But it is in his doctrine of reason that the distinctive principle of the philosophy of Cousin lies. The reason given to us by psychological observation, the reason of our consciousness, is impersonal in its nature. We do not make it; its character is precisely the opposite of individuality; it is universal and necessary. The recognition of universal and necessary principles in knowledge is the essential point in psychology; it ought to be put first and emphasized to the last that these exist and that they are wholly impersonal or absolute. The number of these principles, their enumeration and classification, is an important point, but it is secondary to that of the recognition of their true nature. This was the point which Kant missed in his analysis, and this is the fundamental truth which Cousin thinks he has restored to the integrity of philosophy by the method of the observation of consciousness. And how is this impersonality or absoluteness of the conditions of knowledge to be established? The answer is in substance that Kant went wrong in putting necessity first as the criterion of those laws. This brought them within the sphere of reflection, and gave as their guarantee the impossibility of thinking them reversed; and led to their being regarded as wholly relative to human intelligence, restricted to the sphere of the phenomenal, incapable of revealing to us substantial reality—necessary, yet subjective. But this test of necessity is a wholly secondary one; these laws are not thus guaranteed to us; they are each and all given to us, given to our consciousness, in an act of spontaneous apperception or apprehension, immediately, instantaneously, in a sphere above the reflective consciousness, yet within the reach of knowledge. And "All subjectivity with all reflection expires in the spontaneity of apperception. The reason becomes subjective by relation to the voluntary and free self, but in itself it is impersonal; it belongs not to this or to that self in humanity; it belongs not even to humanity. We may say with truth that nature and humanity belong to it, for without its laws both would perish."

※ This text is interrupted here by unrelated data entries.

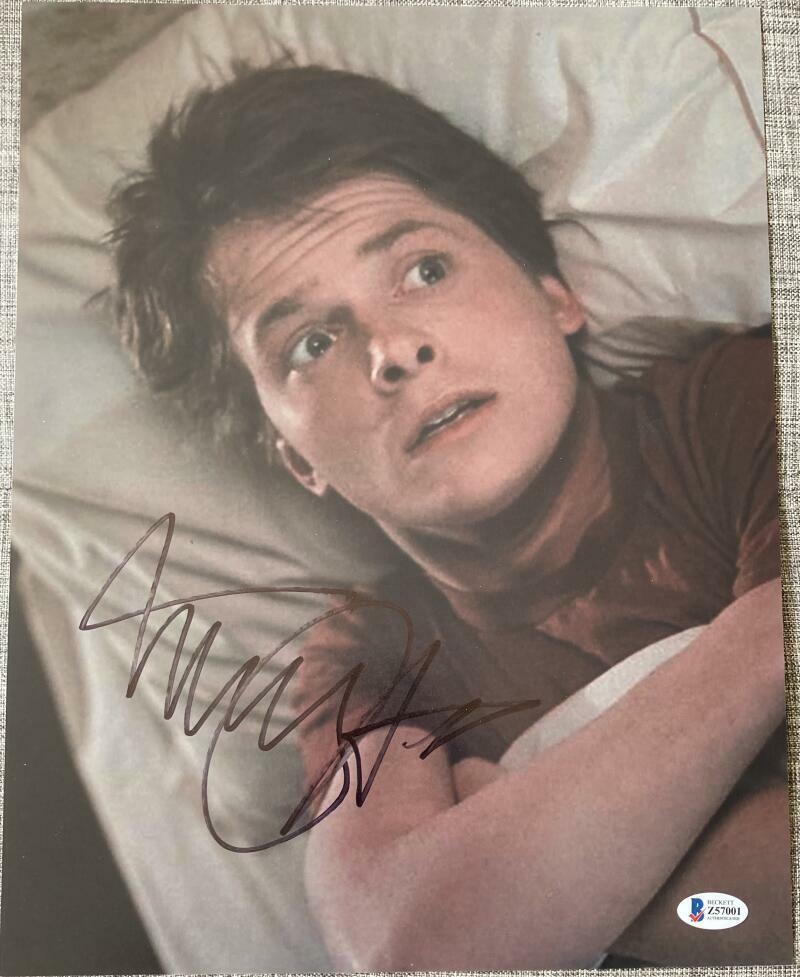 MICHAEL J. FOX SIGNED AUTOGRAPH - BACK TO THE FUTURE RARE 11X14 Photo Poster painting BECKETT 14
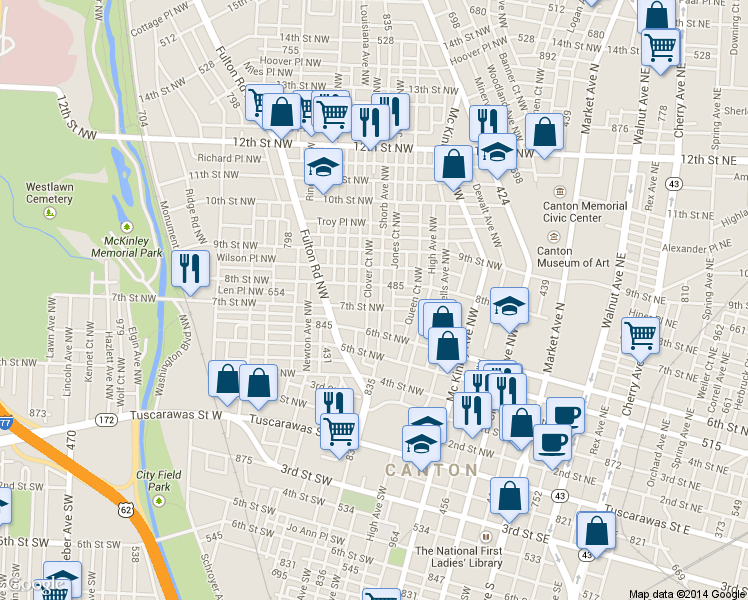 map of restaurants, bars, coffee shops, grocery stores, and more near 707 Shorb Avenue Northwest in Canton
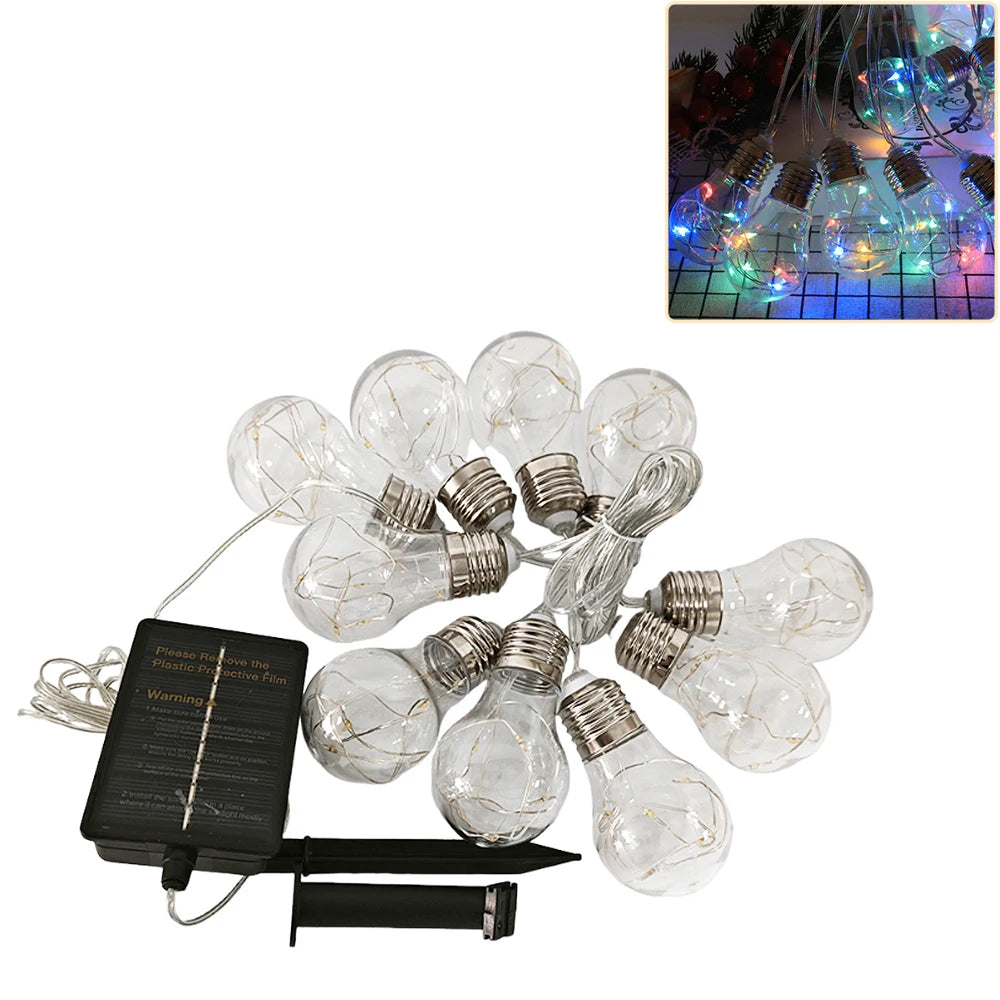 guirlande solaire transparente led multicolore decoration exterieure jardin fête mariage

But what is the number of those laws? Kant, reviewing the enterprise of Aristotle in modern times, has given a complete list of the laws of thought, but it is arbitrary in classification and may be legitimately reduced. According to Cousin, there are but two primary laws of thought, that of causality and that of substance. From these flow naturally all the others. In the order of nature, that of substance is the first and causality second. In the order of acquisition of our knowledge, causality precedes substance, or rather, both are given to us in each other, and are contemporaneous in consciousness.

These principles of reason, cause and substance, given thus psychologically, enable us to pass beyond the limits of the relative and subjective to objective and absolute reality; they enable us, in a word, to pass from psychology (or the science of knowledge) to ontology (or the science of being). These laws are inextricably mixed in consciousness with the data of volition and sensation, with free activity and fatal action or impression, and they guide us in rising to a personal being, a self or free cause, and to an impersonal reality, a not-me—nature, the world of force—lying out of us, and modifying us. As I refer to myself the act of attention and volition, so I cannot but refer the sensation to some cause, necessarily other than myself, that is, to an external cause, whose existence is as certain for me as my own existence, since the phenomenon which suggests it to me is as certain as the phenomenon which had suggested my reality, and both are given in each other. I thus reach an objective, impersonal world of forces which corresponds to the variety of my sensations. The relation of these forces or causes to each other is the order of the universe.

But these two forces, the me and the not-me, are reciprocally limitative. As reason has apprehended these two simultaneous phenomena, attention and sensation, and led us immediately to conceive the two sorts of distinct absolute causes, correlative and reciprocally finite, to which they are related, so, from the notion of this limitation, we find it impossible under the same guide not to conceive a supreme cause, absolute and infinite, itself the first and last cause of all. This cause is self-sufficient and is sufficient for the reason. This is God; he must be conceived under the notion of cause, related to humanity and the world. He is an absolute substance only insofar as he is the absolute cause of philosophy and his essence lies precisely in his creative power. He thus creates, and he creates necessarily.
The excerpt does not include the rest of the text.